AUTO DA PORCA DO REGIME VI

Outro galheteiro de proprietários do Regime e da Democracia
[As Aventuras do Santa Alcoveta]

 SóCrash, o grande condecorado, a alma e a lama do Regime, sentiu um tremor de gozo ao ouvir falar na extraordinária entrevista do seu ex-ministro e ex-penduricalho ameba de Direita Esquerdizante, Freitas do Amerdeiral. Não perdeu tempo e convocou-o para um Porto, na Bramcamp. Pressuroso, a sumptuosa luminária infalível compareceu e, com enorme deferência, foi o próprio Santa Alcoveta a vir ao átrio recebê-lo:

 — Caramba, pá, Freitas do Amerdeiral, dá cá esses ossos, essas banhas essas bochechas impagáveis, pá!
— Meu caro Santa Puta, não imagina a honra em ser por si recebido. Sabe que em Portugal eu pertenço à casta dos especiais...
— Sim, claro, pá, comendador Amerdeiral, tu és um prodígio sumptuoso da palavra e da ideia...
— As TV chamam por mim, Santa Puta... O que eu digo conta!
— Sim, pá... As nossas TV veneram os fósseis do Regime, os inúteis e as canas agitadas pelo vento, professorais sibilinos... E esse, definitivamente, não é o teu caso, pá.

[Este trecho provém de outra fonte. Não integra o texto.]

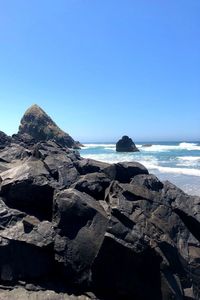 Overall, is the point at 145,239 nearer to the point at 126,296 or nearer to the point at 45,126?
the point at 126,296

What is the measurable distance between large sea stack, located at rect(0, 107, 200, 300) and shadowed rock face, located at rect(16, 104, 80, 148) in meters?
86.1

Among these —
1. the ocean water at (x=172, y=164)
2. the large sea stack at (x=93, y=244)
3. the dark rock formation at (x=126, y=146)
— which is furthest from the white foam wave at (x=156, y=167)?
the dark rock formation at (x=126, y=146)

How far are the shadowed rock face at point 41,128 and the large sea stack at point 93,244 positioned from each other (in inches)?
3388

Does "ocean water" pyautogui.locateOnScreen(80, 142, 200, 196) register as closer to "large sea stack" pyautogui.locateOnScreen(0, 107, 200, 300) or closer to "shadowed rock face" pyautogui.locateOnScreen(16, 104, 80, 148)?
"large sea stack" pyautogui.locateOnScreen(0, 107, 200, 300)

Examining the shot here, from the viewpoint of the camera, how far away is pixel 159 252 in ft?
26.1

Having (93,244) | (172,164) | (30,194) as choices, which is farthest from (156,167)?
(93,244)

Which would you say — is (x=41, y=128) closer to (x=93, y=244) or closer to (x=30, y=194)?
(x=30, y=194)

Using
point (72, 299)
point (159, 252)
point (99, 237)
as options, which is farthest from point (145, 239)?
point (72, 299)

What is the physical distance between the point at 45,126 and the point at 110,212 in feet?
312

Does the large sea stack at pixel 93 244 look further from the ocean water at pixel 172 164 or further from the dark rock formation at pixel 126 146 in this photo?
the dark rock formation at pixel 126 146

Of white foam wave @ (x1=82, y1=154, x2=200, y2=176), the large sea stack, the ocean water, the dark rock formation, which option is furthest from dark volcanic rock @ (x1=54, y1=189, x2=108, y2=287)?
the dark rock formation

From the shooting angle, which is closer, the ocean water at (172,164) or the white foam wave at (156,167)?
the ocean water at (172,164)

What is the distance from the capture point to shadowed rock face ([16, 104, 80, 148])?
322ft

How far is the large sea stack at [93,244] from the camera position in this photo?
7621mm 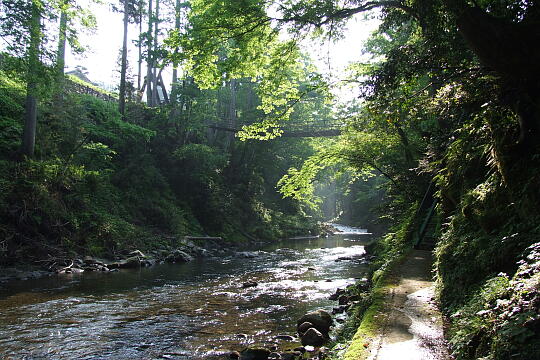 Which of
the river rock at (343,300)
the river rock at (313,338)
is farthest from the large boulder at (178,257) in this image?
the river rock at (313,338)

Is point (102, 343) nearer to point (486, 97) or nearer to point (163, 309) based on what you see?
point (163, 309)

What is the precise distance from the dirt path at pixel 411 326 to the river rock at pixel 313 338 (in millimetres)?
1227

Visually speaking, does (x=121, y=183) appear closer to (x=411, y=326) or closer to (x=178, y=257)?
(x=178, y=257)

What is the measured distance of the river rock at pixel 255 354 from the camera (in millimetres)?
5035

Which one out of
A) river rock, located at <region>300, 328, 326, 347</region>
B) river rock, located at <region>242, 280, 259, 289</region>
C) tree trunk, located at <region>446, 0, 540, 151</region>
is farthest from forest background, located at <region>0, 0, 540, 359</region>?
river rock, located at <region>242, 280, 259, 289</region>

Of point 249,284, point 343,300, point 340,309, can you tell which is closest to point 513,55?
point 340,309

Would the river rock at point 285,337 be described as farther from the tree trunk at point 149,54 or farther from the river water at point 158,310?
the tree trunk at point 149,54

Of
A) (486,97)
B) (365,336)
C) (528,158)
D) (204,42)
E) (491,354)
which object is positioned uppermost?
(204,42)

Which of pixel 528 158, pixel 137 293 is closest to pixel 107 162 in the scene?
pixel 137 293

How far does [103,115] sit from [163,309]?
15229 millimetres

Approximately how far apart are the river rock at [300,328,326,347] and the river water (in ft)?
0.86

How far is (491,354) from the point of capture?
2559 millimetres

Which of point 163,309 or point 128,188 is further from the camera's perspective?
point 128,188

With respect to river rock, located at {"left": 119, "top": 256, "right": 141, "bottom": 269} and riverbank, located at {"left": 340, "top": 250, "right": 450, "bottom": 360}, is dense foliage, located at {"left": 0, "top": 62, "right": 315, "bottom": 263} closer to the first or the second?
river rock, located at {"left": 119, "top": 256, "right": 141, "bottom": 269}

Que encantas pela frescura e pelos teus postulados de Esquerda...
 — Claro. Eu sei que sou brilhante... Como o Santa Puta sabe, liderei o CDS, mas basicamente o meu espírito pardo servia de biombo ao génio de Amaro de Costa. Estive com Sá Carneiro, embora muito na sua sombra porque o meu carisma é um carisma...
— ... Murcho... Amerdeiral. Deixa lá. O meu gajo, o Costa, também não tem um quarto do meu carisma, mas nós, no Rato, temos estado a trabalhar nisso.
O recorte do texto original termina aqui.